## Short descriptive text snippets
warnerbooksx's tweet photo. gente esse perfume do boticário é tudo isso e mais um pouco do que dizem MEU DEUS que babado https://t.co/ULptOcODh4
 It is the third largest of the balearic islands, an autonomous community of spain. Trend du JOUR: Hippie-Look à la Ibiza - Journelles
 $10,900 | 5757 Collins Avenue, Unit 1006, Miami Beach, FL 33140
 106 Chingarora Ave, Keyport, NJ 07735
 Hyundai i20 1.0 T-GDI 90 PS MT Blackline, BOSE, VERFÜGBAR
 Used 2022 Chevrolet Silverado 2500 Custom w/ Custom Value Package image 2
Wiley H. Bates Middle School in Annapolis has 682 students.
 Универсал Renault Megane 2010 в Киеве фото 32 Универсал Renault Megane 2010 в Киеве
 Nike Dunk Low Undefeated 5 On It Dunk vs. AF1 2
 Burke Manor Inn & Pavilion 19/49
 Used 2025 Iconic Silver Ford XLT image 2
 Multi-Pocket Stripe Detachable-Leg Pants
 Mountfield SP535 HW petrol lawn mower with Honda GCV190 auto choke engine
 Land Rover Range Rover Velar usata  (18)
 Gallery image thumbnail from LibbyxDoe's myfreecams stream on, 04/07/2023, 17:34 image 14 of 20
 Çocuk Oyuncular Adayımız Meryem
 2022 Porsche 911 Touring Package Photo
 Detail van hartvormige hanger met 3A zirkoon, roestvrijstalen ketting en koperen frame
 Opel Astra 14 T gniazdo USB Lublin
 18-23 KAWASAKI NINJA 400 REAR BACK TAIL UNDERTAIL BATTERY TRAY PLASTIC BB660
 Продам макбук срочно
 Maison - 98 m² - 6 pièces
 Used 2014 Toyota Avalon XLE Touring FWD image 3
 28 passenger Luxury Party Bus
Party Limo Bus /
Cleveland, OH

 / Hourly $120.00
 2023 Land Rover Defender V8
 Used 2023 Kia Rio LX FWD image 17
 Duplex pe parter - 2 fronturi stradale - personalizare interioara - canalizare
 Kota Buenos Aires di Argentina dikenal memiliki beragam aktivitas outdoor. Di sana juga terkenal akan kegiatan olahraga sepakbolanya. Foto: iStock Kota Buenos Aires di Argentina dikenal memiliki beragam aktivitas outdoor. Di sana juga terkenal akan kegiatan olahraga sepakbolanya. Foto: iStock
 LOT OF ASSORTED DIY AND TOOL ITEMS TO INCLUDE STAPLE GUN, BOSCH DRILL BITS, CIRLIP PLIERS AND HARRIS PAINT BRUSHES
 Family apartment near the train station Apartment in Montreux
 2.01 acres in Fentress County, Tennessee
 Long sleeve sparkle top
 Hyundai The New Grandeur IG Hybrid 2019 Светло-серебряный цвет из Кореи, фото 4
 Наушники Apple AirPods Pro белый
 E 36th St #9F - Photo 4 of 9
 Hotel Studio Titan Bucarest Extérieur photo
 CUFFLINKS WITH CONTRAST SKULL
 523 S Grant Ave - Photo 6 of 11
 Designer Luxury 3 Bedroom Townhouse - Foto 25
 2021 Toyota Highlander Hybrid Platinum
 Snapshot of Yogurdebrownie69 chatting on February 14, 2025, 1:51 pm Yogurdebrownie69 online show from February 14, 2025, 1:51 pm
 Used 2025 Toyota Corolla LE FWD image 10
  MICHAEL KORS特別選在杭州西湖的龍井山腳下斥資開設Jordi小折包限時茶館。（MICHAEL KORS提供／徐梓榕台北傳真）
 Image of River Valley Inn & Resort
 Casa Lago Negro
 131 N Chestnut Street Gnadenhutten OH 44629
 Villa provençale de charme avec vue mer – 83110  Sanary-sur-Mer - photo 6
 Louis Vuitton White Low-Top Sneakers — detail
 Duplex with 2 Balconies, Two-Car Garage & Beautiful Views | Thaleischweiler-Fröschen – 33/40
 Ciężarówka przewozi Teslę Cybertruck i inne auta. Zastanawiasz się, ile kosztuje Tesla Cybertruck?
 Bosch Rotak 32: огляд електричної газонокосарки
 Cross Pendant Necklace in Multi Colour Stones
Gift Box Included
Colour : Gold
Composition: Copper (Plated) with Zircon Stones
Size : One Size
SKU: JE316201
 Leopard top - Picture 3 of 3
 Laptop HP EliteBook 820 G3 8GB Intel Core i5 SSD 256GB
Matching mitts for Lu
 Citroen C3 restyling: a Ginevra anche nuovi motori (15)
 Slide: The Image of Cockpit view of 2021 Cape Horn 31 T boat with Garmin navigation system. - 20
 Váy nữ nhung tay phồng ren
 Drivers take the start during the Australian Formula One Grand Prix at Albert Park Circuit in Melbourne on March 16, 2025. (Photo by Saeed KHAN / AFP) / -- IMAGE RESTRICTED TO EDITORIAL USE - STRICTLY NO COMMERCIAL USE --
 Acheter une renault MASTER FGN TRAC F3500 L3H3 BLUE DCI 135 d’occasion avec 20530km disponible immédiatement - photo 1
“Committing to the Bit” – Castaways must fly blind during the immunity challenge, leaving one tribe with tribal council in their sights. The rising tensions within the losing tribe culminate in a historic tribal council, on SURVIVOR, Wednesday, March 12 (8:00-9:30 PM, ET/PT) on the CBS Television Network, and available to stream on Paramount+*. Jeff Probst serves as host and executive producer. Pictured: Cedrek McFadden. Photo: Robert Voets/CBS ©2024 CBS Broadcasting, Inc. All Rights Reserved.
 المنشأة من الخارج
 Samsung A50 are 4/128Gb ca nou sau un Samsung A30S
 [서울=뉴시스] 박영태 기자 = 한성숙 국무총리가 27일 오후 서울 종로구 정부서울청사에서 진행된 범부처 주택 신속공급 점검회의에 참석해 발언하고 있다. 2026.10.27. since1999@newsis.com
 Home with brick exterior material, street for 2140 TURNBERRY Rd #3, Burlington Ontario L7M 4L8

## Activity
From the records above, transcribe exactly the run of lines that opens with the line holding "Foto: iStock Kota" and closes with the line holding "Long sleeve sparkle top", both included.

## Written solution
 Kota Buenos Aires di Argentina dikenal memiliki beragam aktivitas outdoor. Di sana juga terkenal akan kegiatan olahraga sepakbolanya. Foto: iStock Kota Buenos Aires di Argentina dikenal memiliki beragam aktivitas outdoor. Di sana juga terkenal akan kegiatan olahraga sepakbolanya. Foto: iStock
 LOT OF ASSORTED DIY AND TOOL ITEMS TO INCLUDE STAPLE GUN, BOSCH DRILL BITS, CIRLIP PLIERS AND HARRIS PAINT BRUSHES
 Family apartment near the train station Apartment in Montreux
 2.01 acres in Fentress County, Tennessee
 Long sleeve sparkle top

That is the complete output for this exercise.